In April, Gov. Mike Pence signed legislation to allow Indiana farmers to grow industrial hemp. He tasked Waltz — appointed in 2009 as both the state chemist and seed commissioner — with clearing the way for that to happen. It’s no easy task.
Hemp lacks the psychoactive punch of marijuana, but both are derived from the cannabis sativa plant. Hemp was once an abundant crop in Indiana — production peaked during the war effort in 1943 — but it’s been illegal to grow since 1970. That’s when the Controlled Substances Act lumped industrial hemp with marijuana and outlawed production of both, despite their chemical differences.
The farm bill passed by Congress earlier this year re-opened the door for industrial hemp production as a cash crop. It allows states and universities to grow hemp for agricultural research if they can get a waiver from the U.S. Drug Enforcement Administration.
Some see growing hemp as a first step toward wider production of a plant that other countries already use for a range of household purposes — including paper, cosmetics and textiles.
Waltz, who’s based at Purdue University, has sought the DEA’s permission, but it may be months before the state gets approval.
Until then, he and a team of researchers are working on myriad hemp-related issues, from licensing procedures for farmers to security rules that will keep potheads from passing off marijuana as the lookalike hemp.
“One of the questions we have to answer is, ‘How stringent do the regulations need to be?’” Waltz said. “We want to encourage its production while recognizing the social concerns that come with it.”
Waltz is no stranger to exercising regulatory power. In a past job as the state’s insect expert, he ordered the takedown of thousands of mature trees on private property that were infested with killer pests, and he quarantined wide swaths of forested land to curb their spread.
And some hemp regulations have already been cast. If Indiana gets the DEA’s go-ahead, any hemp grower or handler would have to agree to a criminal background check and random inspections to ensure their plants meet the definition of industrial hemp. No one with a drug felony or misdemeanor in the past 10 years will be able to get a hemp license.

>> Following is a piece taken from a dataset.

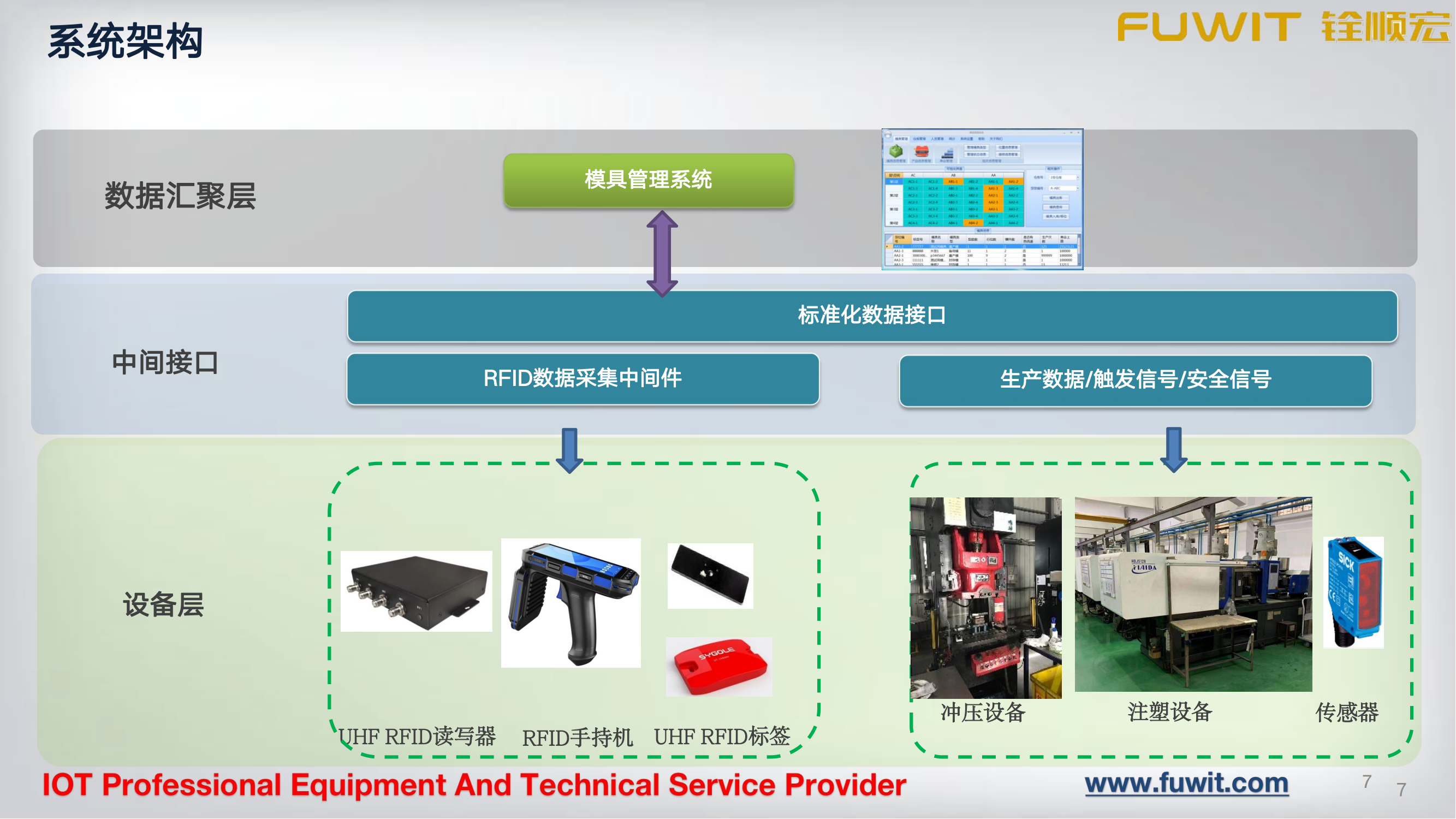 RFID模具资产管理方案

That should take care of some of the more suspect individuals who’ve been calling Waltz in recent weeks to inquire about how to get into the trade. He won’t give too much detail about the callers other than to say, “There are some who are clearly abusing marijuana.”
One major issue still to be resolved is determining demand for the hemp crop. There’s no processing plant in Indiana that can turn the hemp leaves into the textile-grade fiber that would be marketable on a large scale.

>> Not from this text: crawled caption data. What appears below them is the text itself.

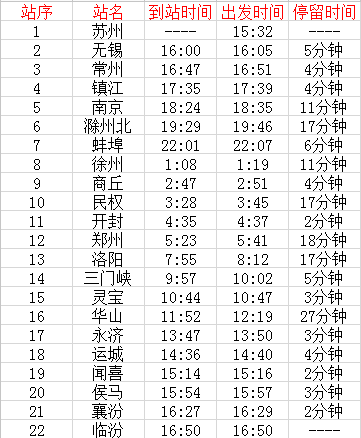 k237火车途经哪些地方？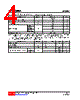 U74HC595AG-R16-R Datasheet HTML 4Page - Unisonic Technologies 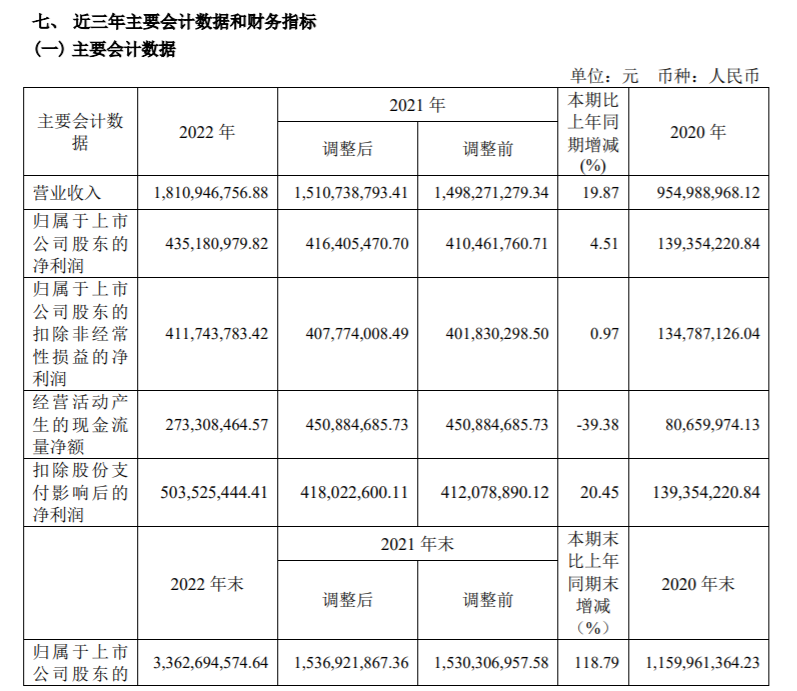 51 董事长朱袁正薪酬188万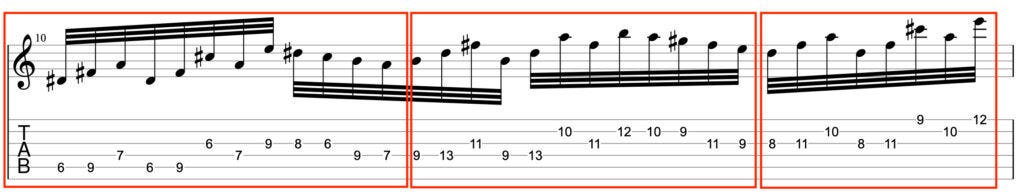 Guitar diagram – A Guitarist’s Guide to Lick Creation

“I don’t know if there is going to be a need for thousands and thousands of acres of it,” Waltz said. “I’d be surprised if takes more than a few hundred acres to satisfy demand.”
Indiana is one of 10 states that has moved to legalize industrial hemp production. (Kentucky researchers planted their first hemp crop in late May.) Some proponents of industrial hemp’s cultivation hope it moves the state a step closer toward legalizing marijuana.
Waltz doesn’t see that happening anytime soon, though he keeps his opinion to himself.
“That’s really not my role,” he said. Instead, his job is to put together what he called “the best science and the best policy and the best social construct to bring about what needs to happen.”
“That’s really my charge,” Waltz said. “Anything else is beyond the bounds.”
To make sure he’s following the Legislature’s intent, Waltz has met several times with state Rep. Don Lehe, R-Brookston, a farmer who chairs the House Committee on Agriculture and Rural Development.
“I think he’s doing a fantastic job,” Lehe said of Waltz. “It’s not easy. We tell him what to do and he has to figure out how to do it.”
Unlike Waltz, Lehe voices his opinion about the hemp law’s potential impact on the state’s drug laws. “I’m very committed to this not turning into a doorway for statewide marijuana liberalization,” he said. “We’re not interested in using hemp to legalize pot.”